# Elmira Vintage Guitar Show April 27, 2014



## savageblue (May 18, 2010)

Ontario Guitar Shows proudly announces our 5th annual Elmira Vintage Guitar Show.
VENDORS WANTED!
Please save the date! Much more information and many announcements to come.
Last year our show saw a crowd of nearly 600!
Plan to be part of this major networking event.
See our website for vendor inquiries.
www.ontarioguitarshows.com
Follow us on Twitter: https://twitter.com/Ontguitarshows


----------



## savageblue (May 18, 2010)

Vendor forms are now ready and about half of the tables already snapped up. For forms or info follow the link on our web page. 
www.ontarioguitarshows.com
Follow us on twitter


----------



## JHarasym (Mar 27, 2007)

Is anyone answering emails?


----------



## savageblue (May 18, 2010)

PM sent! 
Sorry for the delay, you were caught in my filter.


----------



## savageblue (May 18, 2010)

I have been answering a lot of email with questions about our upcoming show.Here is some general information about the show:
Sunday April 27, 2014
Lions Hall, Elmira, On.
9am - 3pm

This will be our fifth annual show. We are a grassroots organization operating on a shoestring budget.
We aim to put on a great show for both vendors and enthusiasts.

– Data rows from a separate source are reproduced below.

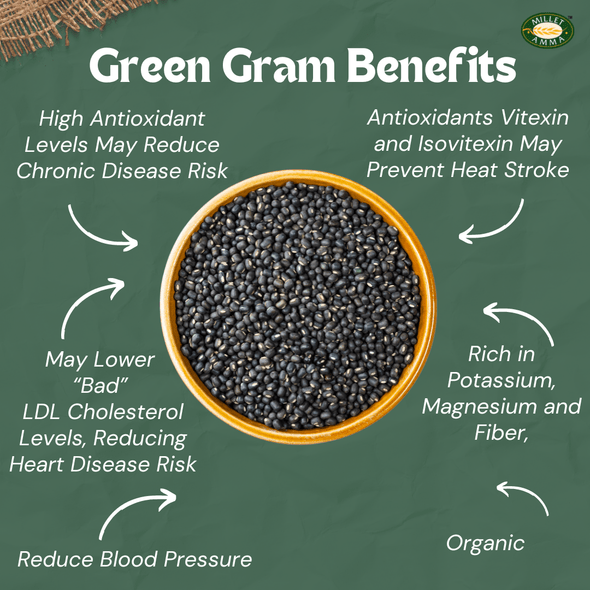 Organic Flax seeds -250 gms | Flax Seeds for Weight Loss and Hair Growth Management | Rich in Proteins, Fibers, Minerals and Omega-3 Fatty Acids by MILLET AMMA|250gm|0.55 lbs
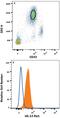 Interleukin 13 Receptor Subunit Alpha 1 antibody, FAB1462N, R&D Systems, Flow Cytometry image 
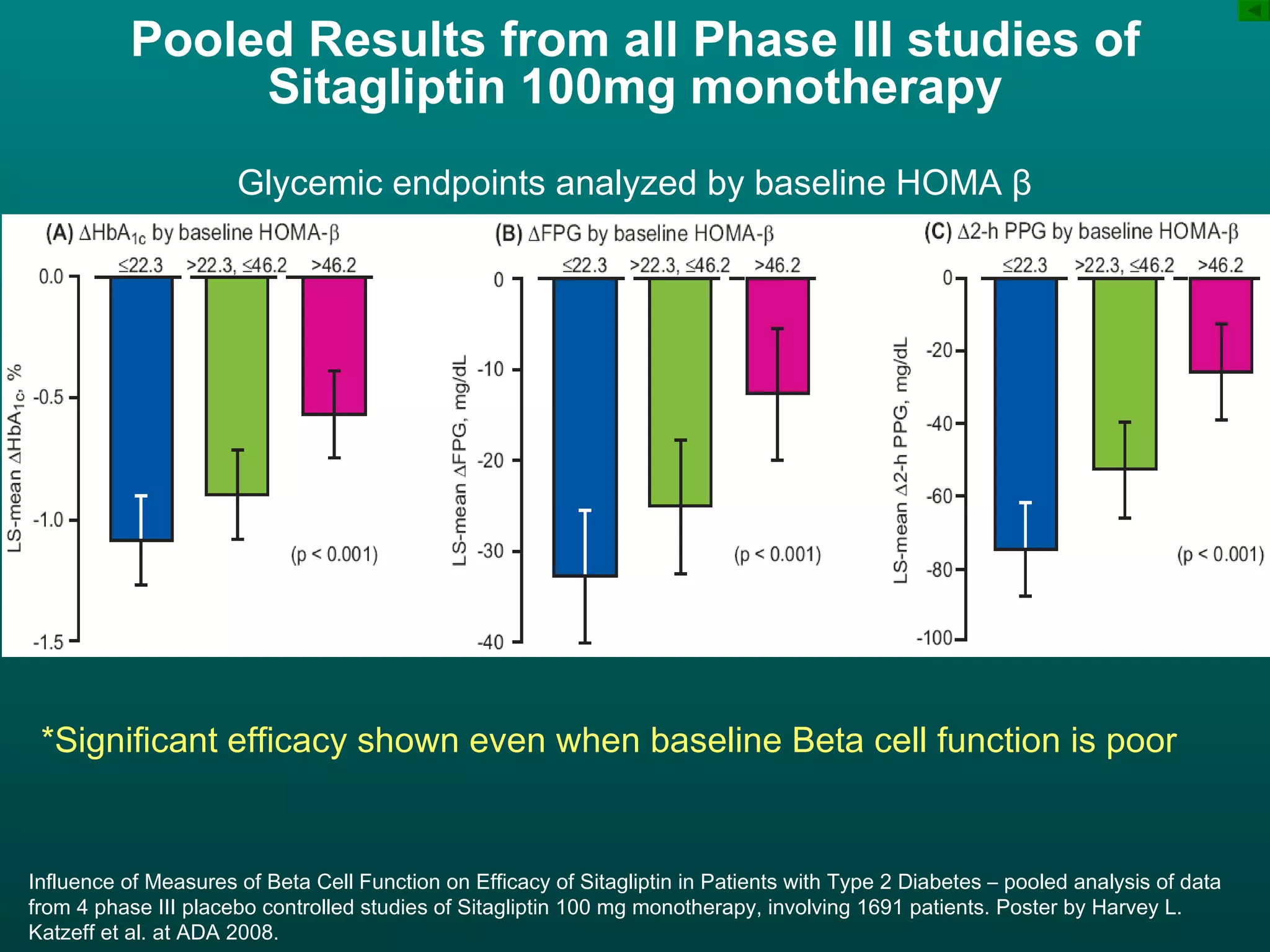 Influence of Measures of Beta Cell Function on Efficacy of Sitagliptin in Patients with Type 2 Diabetes – pooled analysis of data from 4 phase III placebo controlled studies of Sitagliptin 100 mg monotherapy, involving 1691 patients. Poster by Harvey L. Katzeff et al. at ADA 2008. Glycemic endpoints analyzed by baseline HOMA  β Pooled Results from all Phase III studies of Sitagliptin 100mg monotherapy *Significant efficacy shown even when baseline Beta cell function is poor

In the past we have had several custom builders, both electric and acoustic. Music industry reps showcasing their services. We have had collectors appraising and buying vintage gear. Several collector/players selling their collections to buy the next must have item (that's me!).Amp techs, pedal techs, sound guys, rock and roll clothing and merchandise-all vendors we see each year.

Do you have a basement full of gear you would like to turn into a handful of cash? Why not try our show!
Do you have a handful of cash you would like to turn into a basement full of gear? Why not try our show!

If you only have a handful (only 1 handful please!) bring it with you. We encourage patrons to bring their for sale guitar along. With only the price of admission, try your luck at selling or trading your guitar.

Spend a Sunday morning browsing the many fine custom made guitars or drooling over that 75 year old Gibson acoustic you've always wanted.

In the past we have been fortunate to have many fine musicians spend the morning with us. You never know who might show up this year!!

Don't miss this once a year event!

www.ontarioguitarshows.com


----------



## Guest (Feb 8, 2014)

I plan to be there. Enjoyed myself last year.
The performers were also nice listening to.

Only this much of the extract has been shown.